No, it's not a standard AE expression either. I figured it was probably one of those obviously wrong listings that the LEO team puts in to catch plagiarists. I support deleting 'knockout criterion.'
There are dozens of past discussions in the archive, though only if you search under Kriterium, as the search function fails with K.O. (It also helps to raise the results per page to 250.) Unfortunately, none of the ones I found are very conclusive or satisfactory.
Revisiting the issue now, I would say that
is certainly idiomatic English, but it seems to be the right translation only if/when K.O.-Kriterium has a certain meaning, which we might tentatively call sense 1: an aspect so bad that it knocks the thing out of discussion, puts it out of the question, causes it to be excluded, kills any potential negotiation.
Evidently, however, K.O.-Kriterium can also (usually? often? sometimes?) have another sense (sense 2?): namely, something so good that it's enough to cause the thing in question to be included; something that's so impressive it knocks you out, completely convinces you; perhaps even something that makes a deal, a deal-maker.

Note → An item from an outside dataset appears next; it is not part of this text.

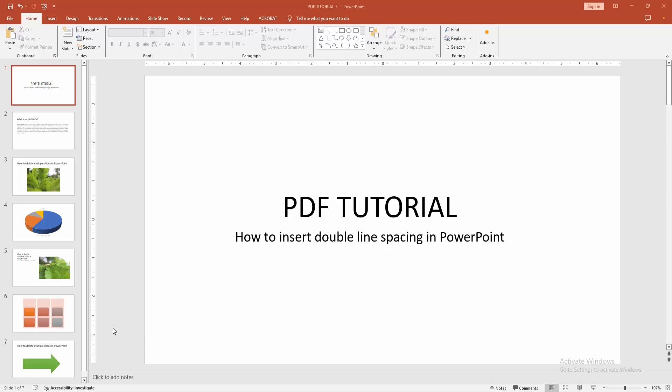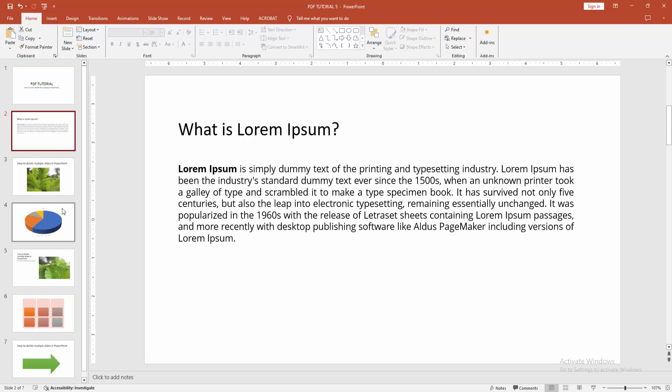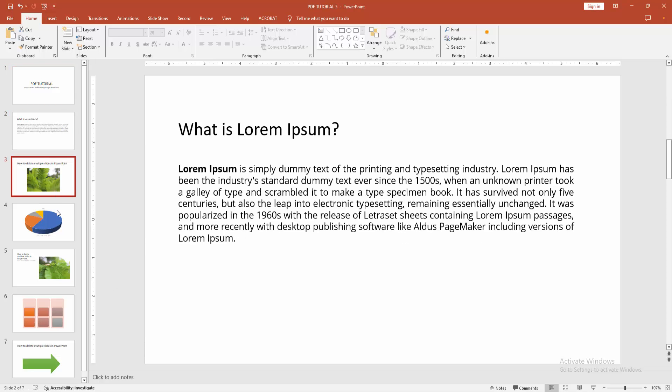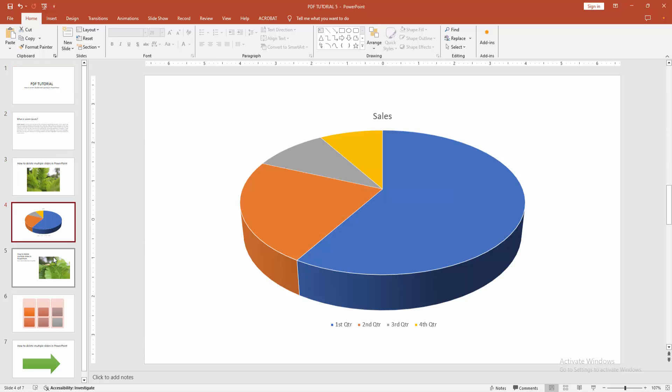At first, you have to open a PowerPoint presentation. We can see here many slides. Now, you want to add double line spacing.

For this sense, past suggestions have included
sine qua non
Finally, if I understand correctly, yet a third line of reasoning seems to suggest that it may also be used (sense 3?) just to mean something so important that it can't be overlooked in making a deal, but without saying whether it's a factor that causes exclusion or inclusion.

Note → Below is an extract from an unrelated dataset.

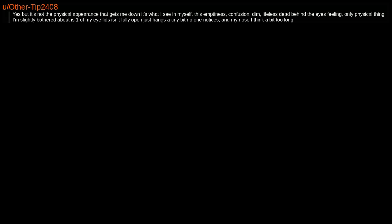Yes, but it's not the physical appearance that gets me down - it's what I see in myself. This emptiness, confusion, lifeless, dead-behind-the-eyes feeling. Only physical things I'm slightly bothered about are one of my eyelids isn't fully open, it just hangs a tiny bit - no one notices - and my nose, I think it's a bit too long.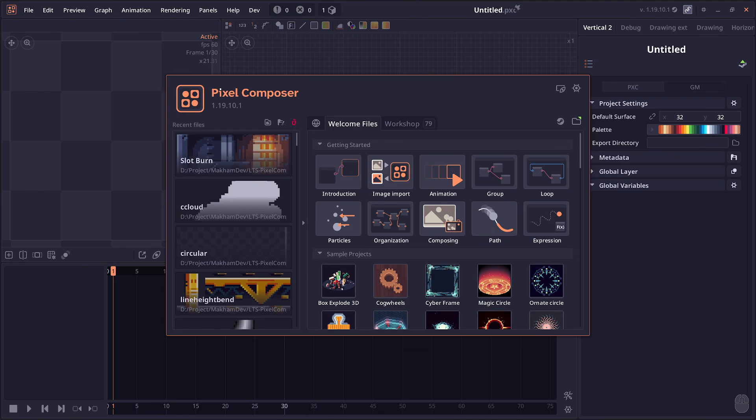Welcome to Pixel Composer 1.19.10. This version was supposed to only be about the new Steam Workshop browser, but I managed to add some other features as well, so we're going to talk about that first.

To really wrap this up, it might help if a few more German speakers could help confirm or rule out any or all of those three senses.
I realize that even in English there's some overlap; show-stopper, for instance, usually means something astonishingly good, but in negotiations it could mean a deal-killer.
But maybe we can at least get a little closer, and end up with a wider range of idiomatic options, if only to make it apparent at a glance that there are a lot of choices.
We should also confirm, for the record, any other words besides Kriterium that are used with K.O.- in German, and whether you really spell it K.O.-, or KO-, or both.